Salvini-Maroni, tensioni sul Referendum lombardo

Mentre a Roma la riforma del Titolo V porta ad una inesorabile centralizzazione del potere al tempo delegato, sempre dalla sinistra, alle regioni, la Lombardia si appresta a cominciare la campagna referendaria per l’Autonomia. Dopo l’approvazione nel febbraio scorso del referendum consultivo (con modalità elettronica, primo esempio in Italia) per chiedere ai lombardi se volessero più autonomia rispetto a Roma, si è aperta una diatriba interna ed esterna alla maggioranza che ha successivamente fatto aggiustare il tiro al governatore lombardo.

In ballo ci sono le posizioni di due partiti che in parlamento compongono la maggioranza di governo, ma che in Lombardia sono in opposizione: PD e NCD. Il primo, che pur guarda con interesse all’autonomia lombarda, ha chiesto al Presidente della Giunta, prima di attivare il referendum, di trattare a Palazzo Chigi le ragioni del residuo fiscale e dei costi standard. Il secondo, pur avendo votato a favore dell’istituzione del referendum, ha cercato di rimanere defilato dal dibattito politico per non deteriorare i già difficili rapporti interni ed esterni con la Roma.

Se in un primo momento la posizione di Maroni è risultata essere perentoria, asserendo che il voto popolare avrebbe dato più forza alla contrattazione con Roma, ora le cose sembrano leggermente diverse. Durante la scorsa seduta consiglio regionale, è stato approvato il documento redatto dalla Conferenza dei Presidenti delle Assemblee Legislative nato con lo scopo di far ravvedere il Governo rispetto alle modifiche centraliste del Titolo V. In quell’occasione, più esponenti della Lega hanno ribadito la necessità di trattare con Roma solo con il verdetto referendario in mano, tutti tranne Maroni, previsto per l’intervento in aula ha preferito non esprimere la sua visione.

Tutto ciò è forse colpa delle tensioni nate con il segretario Federale Matteo Salvini. Il leader leghista è ormai qualche mese che non digerisce la posizione del suo predecessore, sia sul tema del referendum che sull’alleanza, anche per Milano, con NCD. L’eurodeputato non è solito “trattare”, ma preferirebbe irrompere a Palazzo Chigi forte del mandato popolare obbligando Renzi a trattare con la Lombardia e non viceversa.

La posizione di Maroni forse nasce dalle difficoltà che la sua maggioranza sta affrontando, il nodo del rimpasto, la questione NCD e i mal di pancia nella sua lista civica, lo portano a muoversi con cautela. Salvini dal canto suo non sta forzano troppo la mano, ma pare essere molto irritato dall’atteggiamento del governatore. Che tra i due non scorra buon sangue è cosa nota e i recenti screzi nascondono una tensione che sta decisamente logorando il rapporto.

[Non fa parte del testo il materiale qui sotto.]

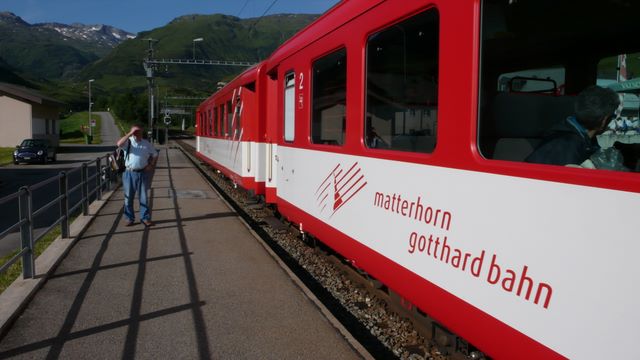 l1000742.jpg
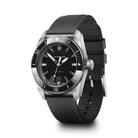 victorinox-maverick-39mm-automatic-watch-242104-image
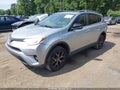 2018 Toyota RAV4 — photo 2 of 15 | VIN 2T3NFREV9JW452121
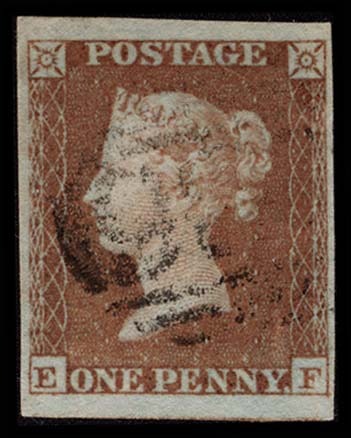 Lot 164166 - 3g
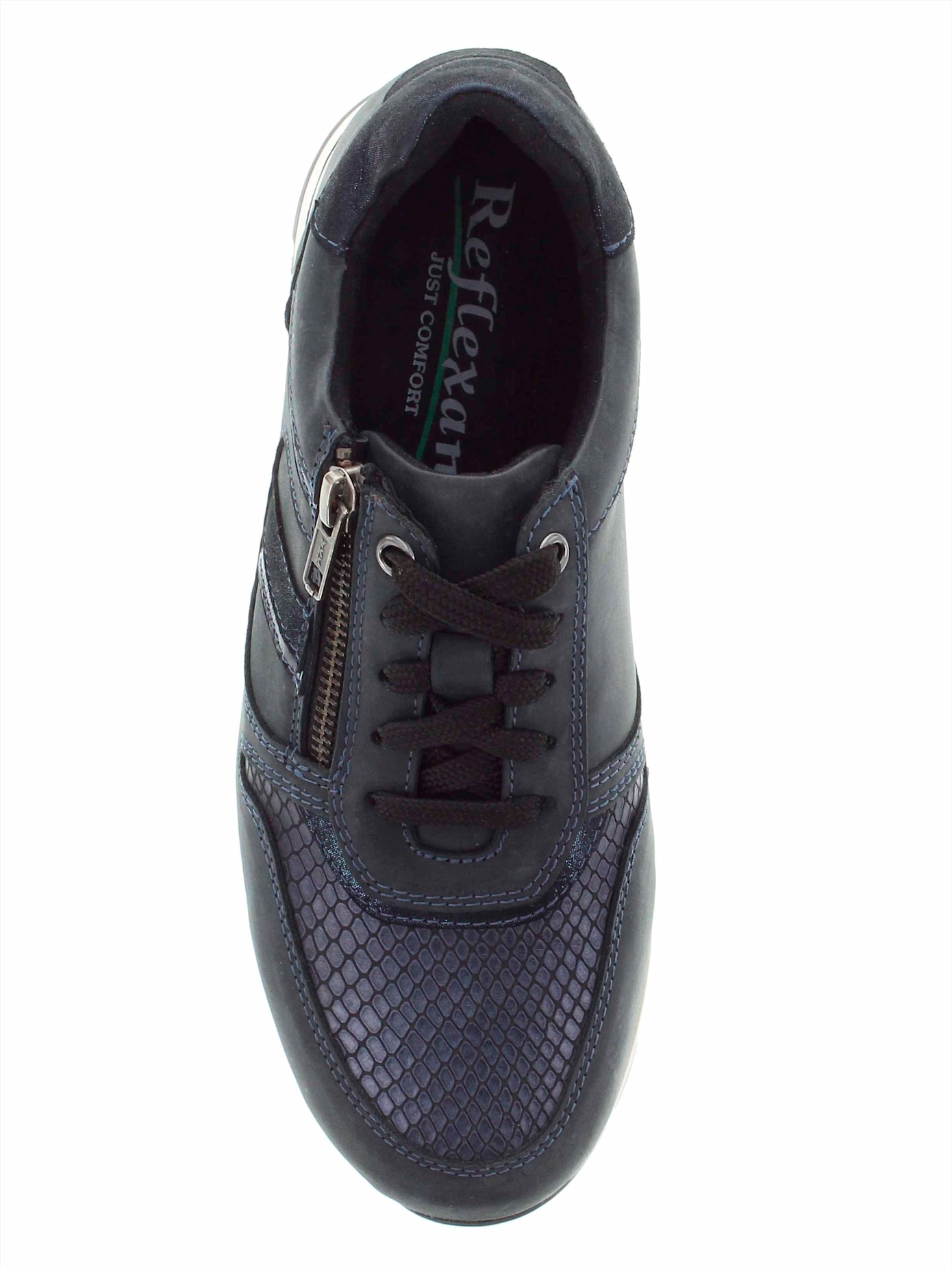 Casual Looks Sneaker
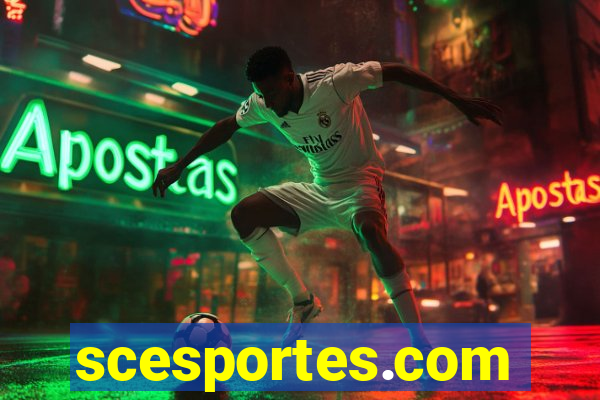 scesportes.com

Se Maroni dovesse davvero scendere a Roma a trattare, così come suggerito dal PD lombardo, è certo che Salvini correrà ai ripari, magari stringendo un accordo con Berlusconi, che lasci fuori Bobo e NCD dai giochi per Milano, mettendo in difficoltà la tenuta della maggioranza al Pirellone. Ora spetta all’ex Ministro dell’ Interno muovere la prima pedina di una partita a scacchi che si preannuncia molto impegnativa.